What you have to do:
What is needed is an exact copy of the entries, with the pictures excluded.

Entries provided:
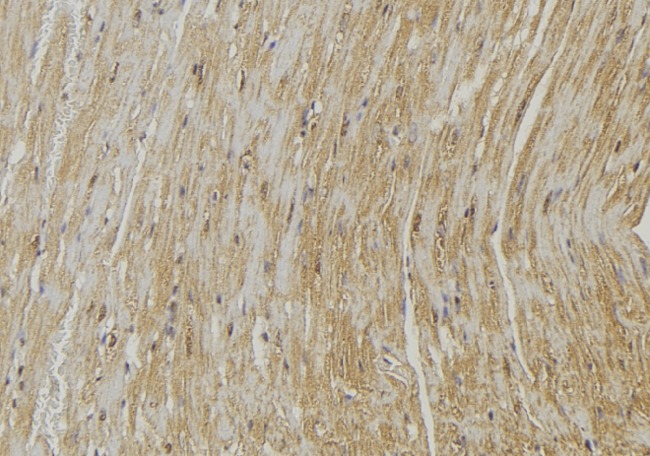 PLOD2 Antibody - 1:100 staining mouse muscle tissue by IHC-P. The sample was formaldehyde fixed and a heat mediated antigen retrieval step in citrate buffer was performed. The sample was then blocked and incubated with the antibody for 1.5 hours at 22°C. An HRP conjugated goat anti-rabbit antibody was used as the secondary.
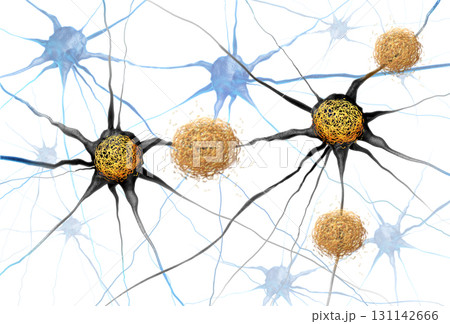 Amyloid Beta And Tau 131142666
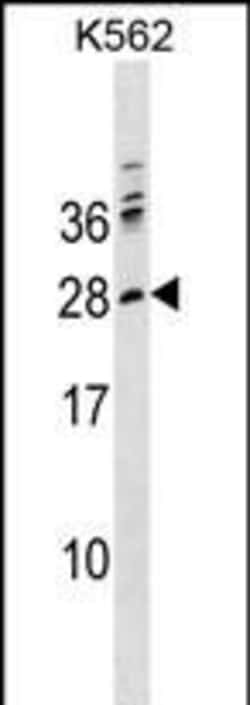 Invitrogen PTCRA Polyclonal Antibody 400 &mu;L; Unconjugated:Antibodies,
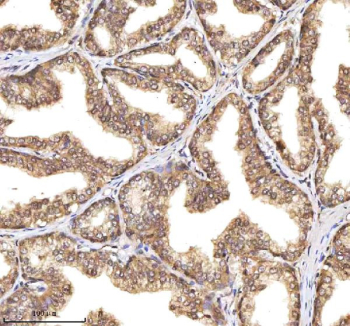 Immunohistochemical staining of RSRC2 using anti-RSRC2 antibody. RSRC2 was detected in a paraffin-embedded section of human prostate adenocarcinoma tissue. Heat mediated antigen retrieval was performed in EDTA buffer (pH 8.0, epitope retrieval solution). The tissue section was blocked with 10% goat serum. The tissue section was then incubated with 2 ug/ml rabbit anti-RSRC2 antibody overnight at 4oC. Peroxidase Conjugated Goat Anti-rabbit IgG was used as secondary antibody and incubated for 30 minutes at 37oC. The tissue section was developed using an HRP secondary and DAB substrate.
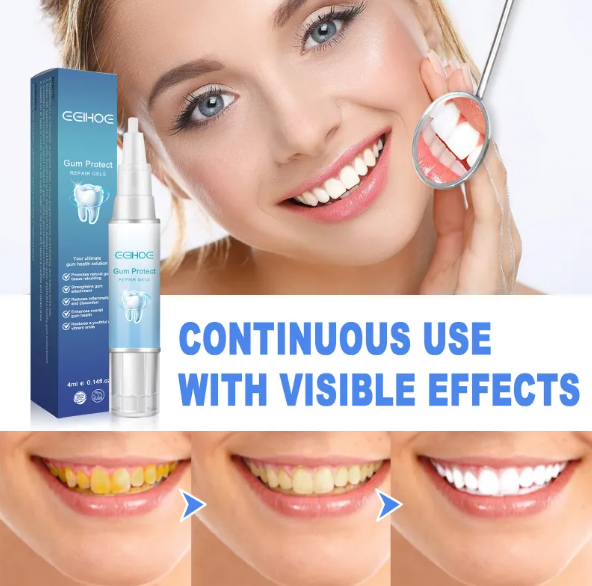 Teeth Repair Gel Wear for Art Thou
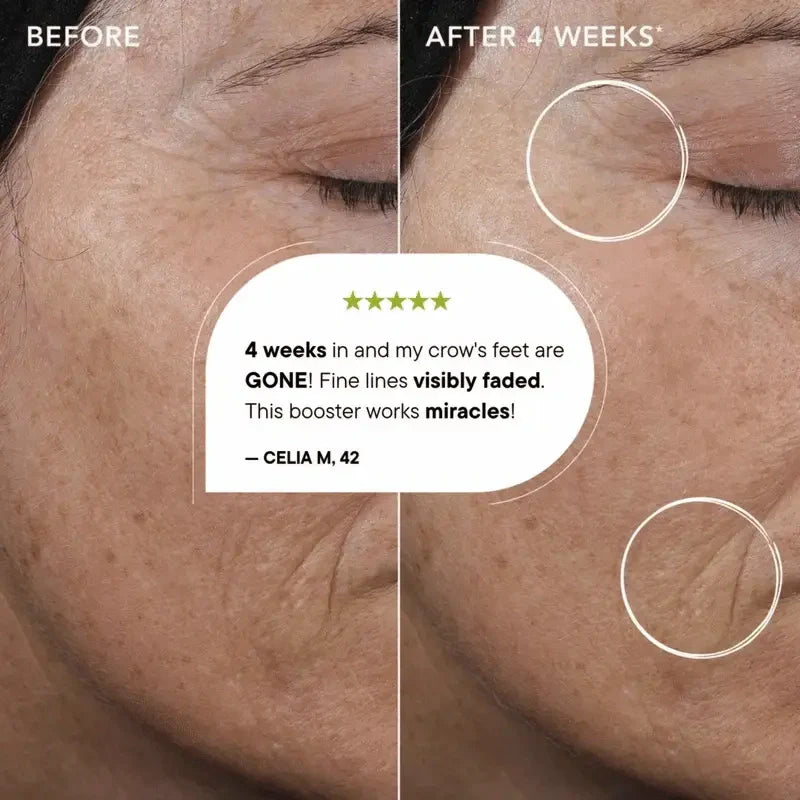 Velyra™ Retinal | Tightening Booster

Output of the exercise:
 PLOD2 Antibody - 1:100 staining mouse muscle tissue by IHC-P. The sample was formaldehyde fixed and a heat mediated antigen retrieval step in citrate buffer was performed. The sample was then blocked and incubated with the antibody for 1.5 hours at 22°C. An HRP conjugated goat anti-rabbit antibody was used as the secondary.
 Amyloid Beta And Tau 131142666
 Invitrogen PTCRA Polyclonal Antibody 400 &mu;L; Unconjugated:Antibodies,
 Immunohistochemical staining of RSRC2 using anti-RSRC2 antibody. RSRC2 was detected in a paraffin-embedded section of human prostate adenocarcinoma tissue. Heat mediated antigen retrieval was performed in EDTA buffer (pH 8.0, epitope retrieval solution). The tissue section was blocked with 10% goat serum. The tissue section was then incubated with 2 ug/ml rabbit anti-RSRC2 antibody overnight at 4oC. Peroxidase Conjugated Goat Anti-rabbit IgG was used as secondary antibody and incubated for 30 minutes at 37oC. The tissue section was developed using an HRP secondary and DAB substrate.
 Teeth Repair Gel Wear for Art Thou
 Velyra™ Retinal | Tightening Booster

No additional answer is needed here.